State v. Peterson

446 So. 2d 815
CourtLouisiana Court of Appeal
DecidedFebruary 21, 1984
Docket15820-KA
StatusPublished
Cited by15 cases

This text of 446 So. 2d 815 (State v. Peterson) is published on Counsel Stack Legal Research, covering Louisiana Court of Appeal primary law. Counsel Stack provides free access to over 12 million legal documents including statutes, case law, regulations, and constitutions.

Bluebook
State v. Peterson, 446 So. 2d 815 (La. Ct. App. 1984).

Opinion

446 So.2d 815 (1984)

STATE of Louisiana, Appellee,
v.
Henry PETERSON, Appellant.

No. 15820-KA.

Court of Appeal of Louisiana, Second Circuit.

February 21, 1984.

*816 Voelker, Ragland, Brackin & Crigler by Charles R. Brackin, Lake Providence, for appellant.

William J. Guste, Jr., Atty. Gen., Barbara Rutledge, Asst. Atty. Gen., Baton Rouge, James D. Caldwell, Dist. Atty., Tallulah, John D. Crigler, Asst. Dist. Atty., St. Joseph, for appellee.

Before PRICE, MARVIN and SEXTON, JJ.

SEXTON, Judge.

The defendant appeals his conviction in a jury trial of the offense of theft of property of a value of more than $500, and his subsequent sentence to six years at hard labor.

The defendant has filed six assignments of error which contain four issues. The first issue is presented by Assignment of Error No. 1 in which the defendant contends that his motion for a continuance was improperly denied. The next issue, involving Assignments of Error Nos. 2, 3 and 5, asserts that the trial court improperly denied defendant's challenges for cause against three prospective jurors. The third issue is formed by Assignment of Error No. 4 wherein the defendant contends the trial court improperly sustained the State's challenge for cause of a prospective juror. Finally, the defendant contends that the trial court failed to follow the sentencing guidelines of LSA-C.Cr.P. Art. 894.1, and that the sentence imposed is excessive.

CONTEXT FACTS

The defendant, who held other jobs, was a part-time produce trucker for Mr. Warren Hopkins, a Tensas Parish soybean farmer. At about 4:30 p.m. on October 27, 1982, he arrived at the Great River Grain Elevator, used by Mr. Hopkins, driving Mr. Hopkins' red Ford truck. Without permission, the defendant placed the load of soybeans in storage in the name of Charles Sanders, a Madison Parish soybean farmer. Upon learning of this, Sanders sought a portion of the proceeds. When the defendant declined, Sanders demanded that defendant withdraw the use of his name. Thus, on November 11, 1982, the defendant went to the grain elevator and had the beans transferred to the name of Wylonie Harris, who was told by the defendant that the beans were stolen.

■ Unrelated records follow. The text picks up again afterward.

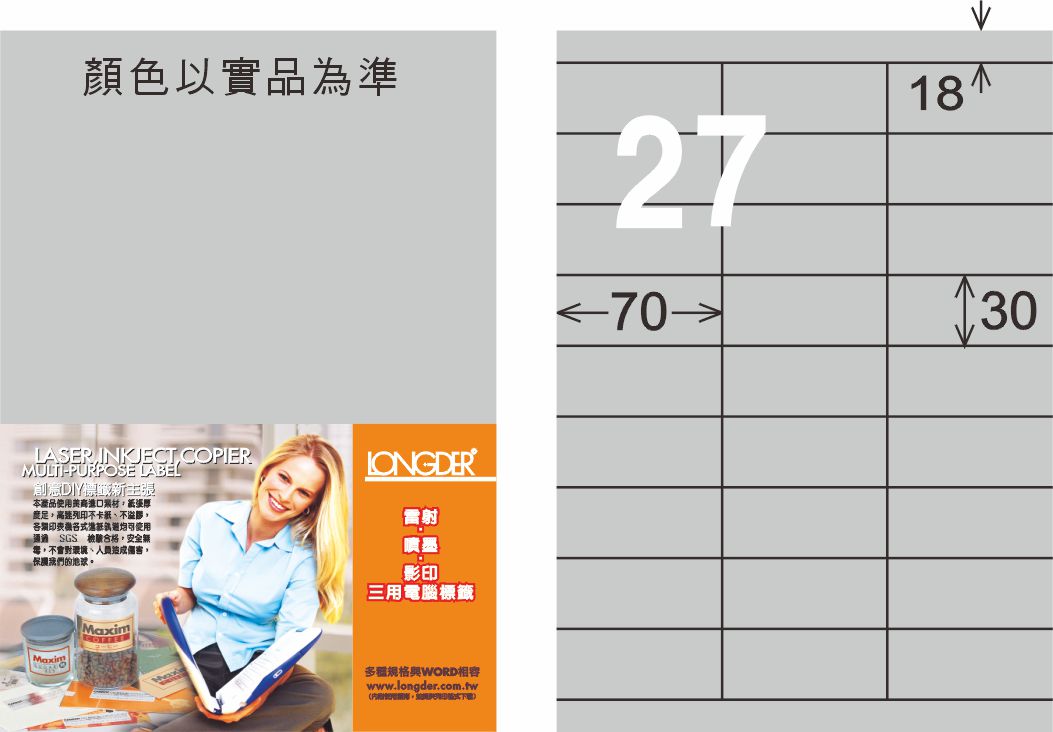 龍德 LD-876-S-C A4雷射影印標籤 銀色 / 包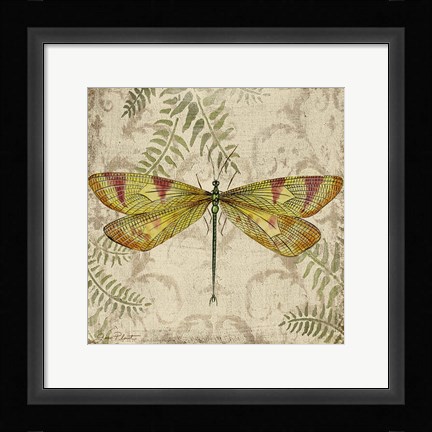 Framed Dragonfly Daydreams - A Print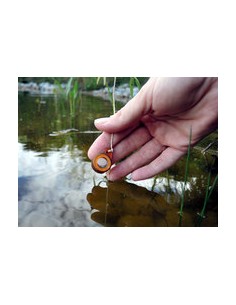 Registrador iButton de...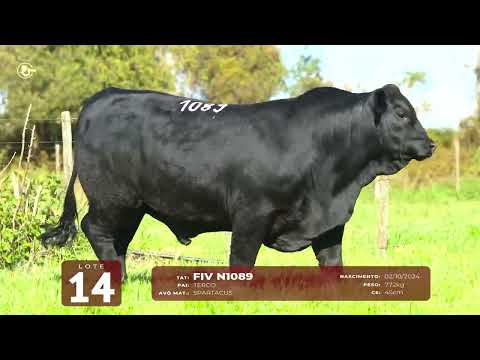 LOTE 14   TAT N1089 M Brangus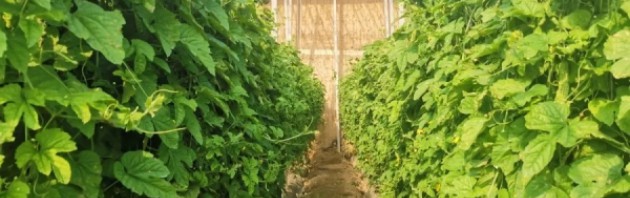 王府街道凤山村：蔬菜大棚里的好春景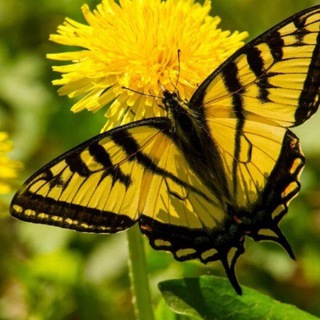 БАНАО (БАБОЧКА НА ОДУВАНЧИКЕ)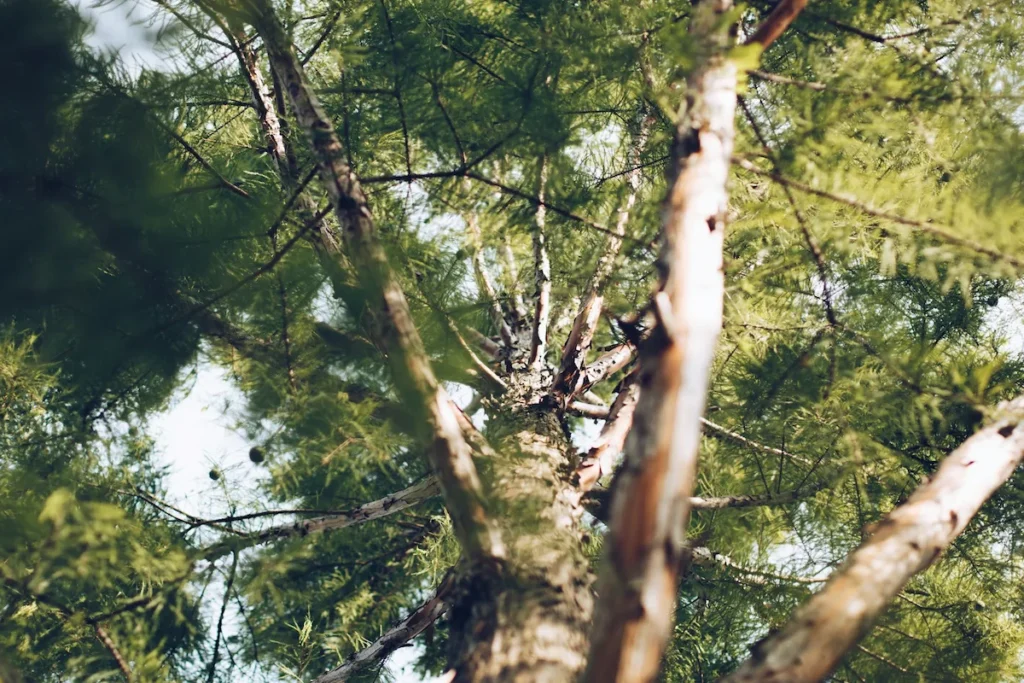 Oak and pine trees being treated for disease by professionals in Rim Forrest, CA.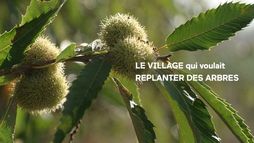 Le village qui voulait replanter des arbres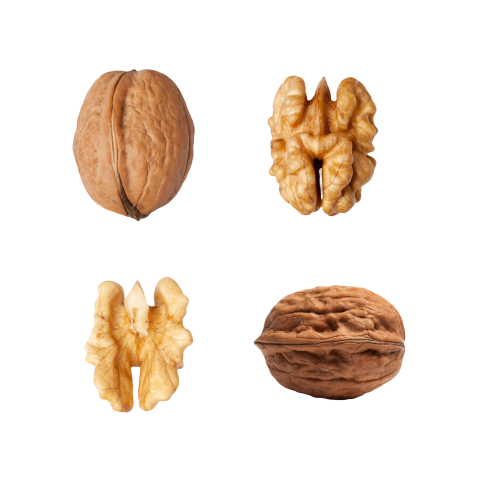 Walnut png image transparent free download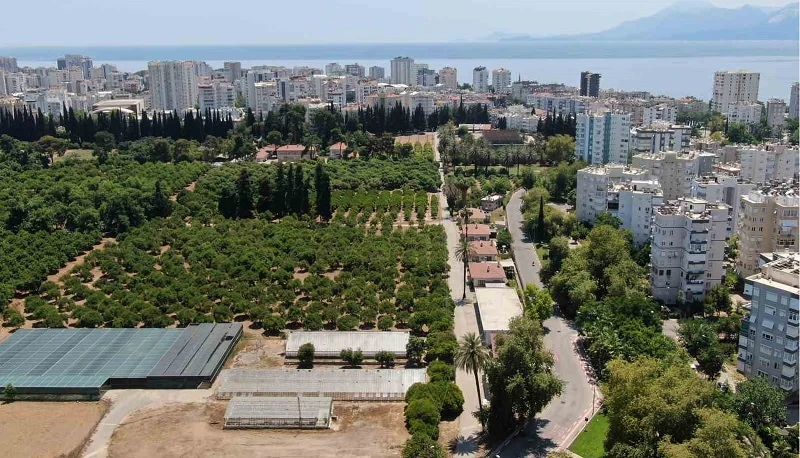 Antalya'da tarım topraklarının yüzde 17'si kayboldu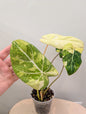 Philodendron gloriosum tricolore panaché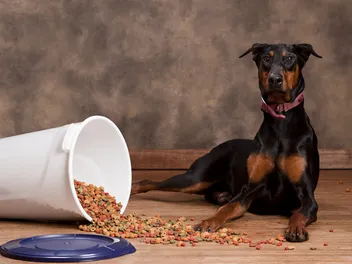 11 Best Dog Foods for Dobermans in 2026 - Reviews & Top Picks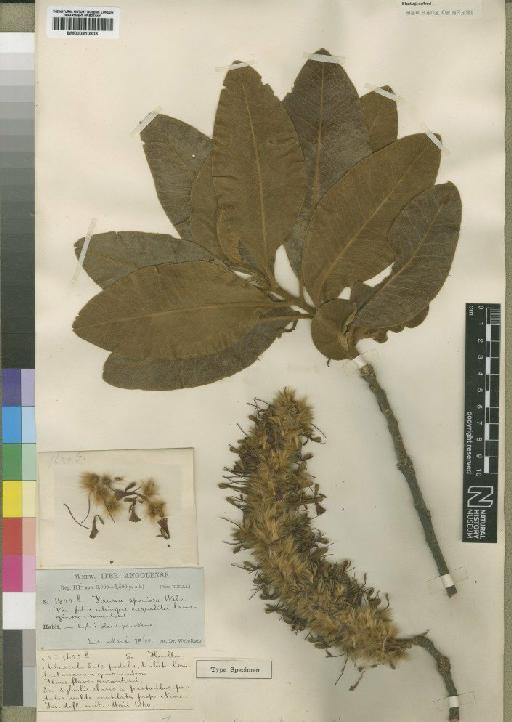 Faurea speciosa Welw. - BM000910803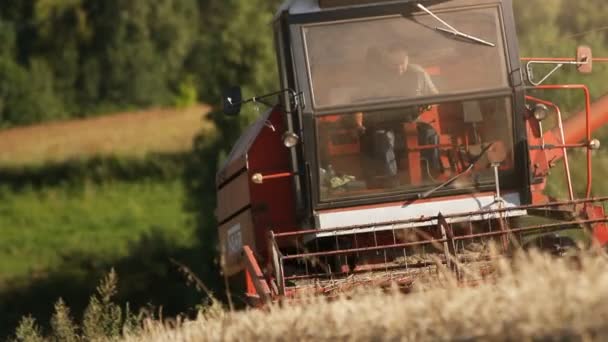 収穫機 — ストック動画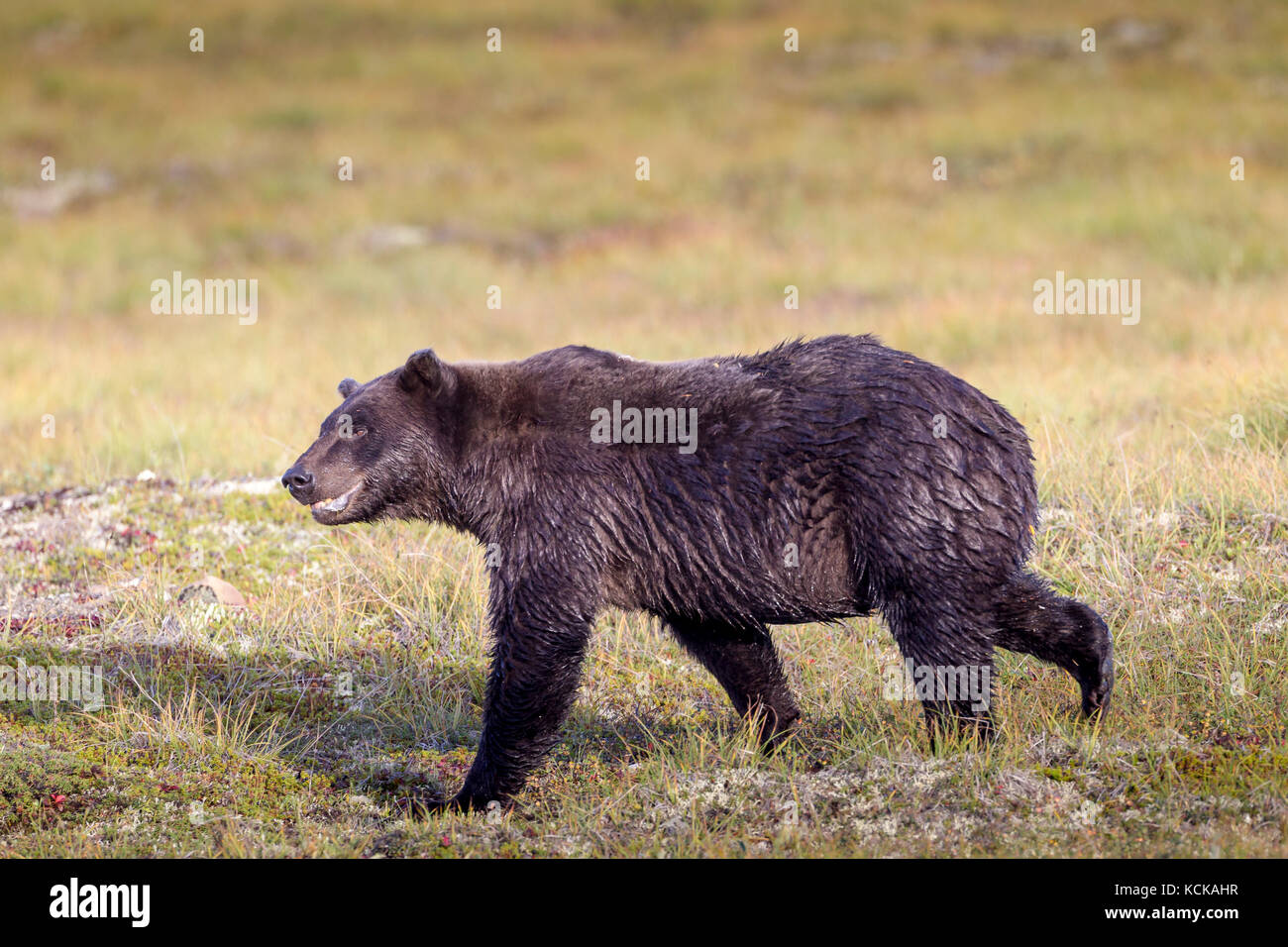 Grizzly Bear (Ursus arctos) north of the Arctic Circle in the Yukon, Canada Stock Photo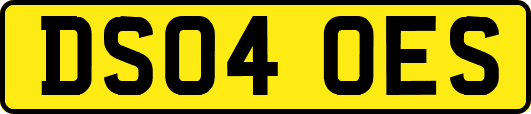 DS04OES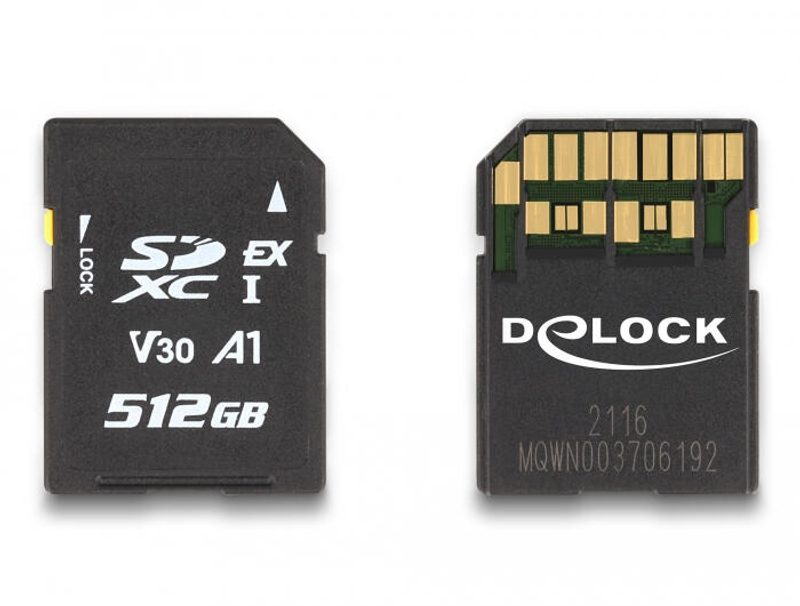 Carte SD Express DeLOCK 512 Go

On November 16, 1982, Harris told the elevator that he wanted to sell the beans, and received a check for approximately $2,400. Upon being unable to cash the check because of a lack of identification, Harris went to the Tallulah Police Department in an attempt to obtain some sort of identification. In the process, the officers saw the scale ticket from the elevator and *817 became suspicious because Sanders' name had been scratched out, and also because they knew that Harris was not a farmer. They subsequently checked with the grain elevator and payment was stopped on the check.

After being arrested, the defendant told the arresting officer that he had met a man whom he only knew as Beer. He stated Mr. Beer had a truckload of beans which he needed to sell, but the beans were burdened with a lien. Thus, the defendant said that Beer had recruited him in order to put the beans in another name so that he could sell them. The defendant said he had no way of contacting Beer and thought Beer would get back in touch with him. He stated he had not heard from Beer since this event came to the attention of the authorities. Previous to this explanation, the defendant had stated to officers that he met a man whose truck had overturned near Jonesville. The defendant helped him by loading the beans in Mr. Hopkins' truck. Investigators determined that no truck had overturned near Jonesville and thus discredited the defendant's story.

MOTION TO CONTINUE

The defendant was originally represented by court-appointed counsel, Mr. Raymond Cannon, and trial was set for March 14, 1983. However, the defendant retained Mr. Charles Brackin at 5:00 p.m. on Friday, March 11, 1983. When the case was called to trial on Monday, the defense made an oral motion for a continuance which was followed by a written motion. See LSA-C. Cr.P. Art. 707. The motion was denied.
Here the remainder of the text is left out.